◆ Task brief ◆
Copy out exactly the lines below that run from the one holding "R13 Alison Skinny" to the one holding "Colorfully improved Daedalus", keeping both of those lines and no others.

____ Data provided

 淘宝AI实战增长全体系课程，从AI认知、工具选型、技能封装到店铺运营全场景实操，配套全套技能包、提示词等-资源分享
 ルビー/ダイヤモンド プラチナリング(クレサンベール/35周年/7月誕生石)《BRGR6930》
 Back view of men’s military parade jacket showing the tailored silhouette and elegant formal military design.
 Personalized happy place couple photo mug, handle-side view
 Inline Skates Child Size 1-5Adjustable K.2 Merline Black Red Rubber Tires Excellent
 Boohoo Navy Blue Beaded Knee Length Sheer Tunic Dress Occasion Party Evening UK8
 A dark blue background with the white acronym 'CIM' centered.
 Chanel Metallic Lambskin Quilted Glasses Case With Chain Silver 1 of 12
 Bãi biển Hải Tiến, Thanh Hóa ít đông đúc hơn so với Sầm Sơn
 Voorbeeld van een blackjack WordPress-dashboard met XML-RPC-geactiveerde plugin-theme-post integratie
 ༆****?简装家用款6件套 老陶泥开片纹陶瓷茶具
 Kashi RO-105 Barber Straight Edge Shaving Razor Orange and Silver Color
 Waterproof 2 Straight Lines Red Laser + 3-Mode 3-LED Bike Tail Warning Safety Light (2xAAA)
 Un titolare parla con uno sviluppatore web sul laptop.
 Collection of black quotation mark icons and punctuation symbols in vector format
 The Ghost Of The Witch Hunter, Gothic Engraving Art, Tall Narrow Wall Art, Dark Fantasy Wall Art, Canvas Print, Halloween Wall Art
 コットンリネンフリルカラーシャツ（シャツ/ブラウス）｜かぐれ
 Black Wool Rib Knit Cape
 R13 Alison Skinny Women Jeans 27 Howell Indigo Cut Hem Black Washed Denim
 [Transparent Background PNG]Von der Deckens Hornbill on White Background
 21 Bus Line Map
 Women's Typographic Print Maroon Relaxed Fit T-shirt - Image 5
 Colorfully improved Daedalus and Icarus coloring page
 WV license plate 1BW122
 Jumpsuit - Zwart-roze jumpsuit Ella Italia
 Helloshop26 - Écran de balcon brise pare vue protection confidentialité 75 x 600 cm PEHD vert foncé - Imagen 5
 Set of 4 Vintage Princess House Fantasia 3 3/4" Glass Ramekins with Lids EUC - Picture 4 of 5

________

◆ Final answer ◆
 R13 Alison Skinny Women Jeans 27 Howell Indigo Cut Hem Black Washed Denim
 [Transparent Background PNG]Von der Deckens Hornbill on White Background
 21 Bus Line Map
 Women's Typographic Print Maroon Relaxed Fit T-shirt - Image 5
 Colorfully improved Daedalus and Icarus coloring page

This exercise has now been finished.